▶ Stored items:
+++

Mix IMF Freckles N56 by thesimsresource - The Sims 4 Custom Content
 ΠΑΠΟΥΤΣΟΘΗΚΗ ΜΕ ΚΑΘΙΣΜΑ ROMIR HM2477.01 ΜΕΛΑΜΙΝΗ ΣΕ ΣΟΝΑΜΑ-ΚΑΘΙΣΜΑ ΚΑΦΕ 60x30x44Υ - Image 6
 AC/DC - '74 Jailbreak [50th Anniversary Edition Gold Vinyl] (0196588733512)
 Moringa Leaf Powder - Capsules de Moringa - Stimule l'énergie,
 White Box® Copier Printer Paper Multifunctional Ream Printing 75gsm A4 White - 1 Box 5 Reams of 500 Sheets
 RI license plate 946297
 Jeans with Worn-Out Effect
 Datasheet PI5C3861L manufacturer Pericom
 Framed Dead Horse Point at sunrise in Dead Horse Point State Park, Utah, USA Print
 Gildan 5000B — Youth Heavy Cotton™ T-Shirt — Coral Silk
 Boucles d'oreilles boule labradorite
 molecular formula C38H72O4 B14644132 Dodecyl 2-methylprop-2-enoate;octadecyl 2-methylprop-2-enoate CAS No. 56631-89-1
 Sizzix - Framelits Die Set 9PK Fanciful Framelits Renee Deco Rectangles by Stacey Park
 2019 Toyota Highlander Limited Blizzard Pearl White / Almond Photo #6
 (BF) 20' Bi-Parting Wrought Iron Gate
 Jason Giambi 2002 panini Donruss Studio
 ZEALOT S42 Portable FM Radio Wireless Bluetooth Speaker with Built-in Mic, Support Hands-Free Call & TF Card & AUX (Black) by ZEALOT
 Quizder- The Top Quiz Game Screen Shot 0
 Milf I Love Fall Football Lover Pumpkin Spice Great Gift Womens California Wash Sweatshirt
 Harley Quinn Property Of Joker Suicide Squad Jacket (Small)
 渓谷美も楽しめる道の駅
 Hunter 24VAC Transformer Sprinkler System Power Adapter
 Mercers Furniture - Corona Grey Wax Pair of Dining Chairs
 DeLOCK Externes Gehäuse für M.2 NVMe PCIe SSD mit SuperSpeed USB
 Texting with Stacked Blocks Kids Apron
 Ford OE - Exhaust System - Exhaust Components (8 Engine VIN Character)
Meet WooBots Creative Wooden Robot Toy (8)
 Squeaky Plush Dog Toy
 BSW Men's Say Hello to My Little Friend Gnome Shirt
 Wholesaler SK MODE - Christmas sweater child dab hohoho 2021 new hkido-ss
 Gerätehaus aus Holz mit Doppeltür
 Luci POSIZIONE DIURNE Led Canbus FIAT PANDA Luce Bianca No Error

+++

▶ About this exercise:
All the lines above must be output exactly, with none omitted.

▶ Answer to this exercise:
Mix IMF Freckles N56 by thesimsresource - The Sims 4 Custom Content
 ΠΑΠΟΥΤΣΟΘΗΚΗ ΜΕ ΚΑΘΙΣΜΑ ROMIR HM2477.01 ΜΕΛΑΜΙΝΗ ΣΕ ΣΟΝΑΜΑ-ΚΑΘΙΣΜΑ ΚΑΦΕ 60x30x44Υ - Image 6
 AC/DC - '74 Jailbreak [50th Anniversary Edition Gold Vinyl] (0196588733512)
 Moringa Leaf Powder - Capsules de Moringa - Stimule l'énergie,
 White Box® Copier Printer Paper Multifunctional Ream Printing 75gsm A4 White - 1 Box 5 Reams of 500 Sheets
 RI license plate 946297
 Jeans with Worn-Out Effect
 Datasheet PI5C3861L manufacturer Pericom
 Framed Dead Horse Point at sunrise in Dead Horse Point State Park, Utah, USA Print
 Gildan 5000B — Youth Heavy Cotton™ T-Shirt — Coral Silk
 Boucles d'oreilles boule labradorite
 molecular formula C38H72O4 B14644132 Dodecyl 2-methylprop-2-enoate;octadecyl 2-methylprop-2-enoate CAS No. 56631-89-1
 Sizzix - Framelits Die Set 9PK Fanciful Framelits Renee Deco Rectangles by Stacey Park
 2019 Toyota Highlander Limited Blizzard Pearl White / Almond Photo #6
 (BF) 20' Bi-Parting Wrought Iron Gate
 Jason Giambi 2002 panini Donruss Studio
 ZEALOT S42 Portable FM Radio Wireless Bluetooth Speaker with Built-in Mic, Support Hands-Free Call & TF Card & AUX (Black) by ZEALOT
 Quizder- The Top Quiz Game Screen Shot 0
 Milf I Love Fall Football Lover Pumpkin Spice Great Gift Womens California Wash Sweatshirt
 Harley Quinn Property Of Joker Suicide Squad Jacket (Small)
 渓谷美も楽しめる道の駅
 Hunter 24VAC Transformer Sprinkler System Power Adapter
 Mercers Furniture - Corona Grey Wax Pair of Dining Chairs
 DeLOCK Externes Gehäuse für M.2 NVMe PCIe SSD mit SuperSpeed USB
 Texting with Stacked Blocks Kids Apron
 Ford OE - Exhaust System - Exhaust Components (8 Engine VIN Character)
Meet WooBots Creative Wooden Robot Toy (8)
 Squeaky Plush Dog Toy
 BSW Men's Say Hello to My Little Friend Gnome Shirt
 Wholesaler SK MODE - Christmas sweater child dab hohoho 2021 new hkido-ss
 Gerätehaus aus Holz mit Doppeltür
 Luci POSIZIONE DIURNE Led Canbus FIAT PANDA Luce Bianca No Error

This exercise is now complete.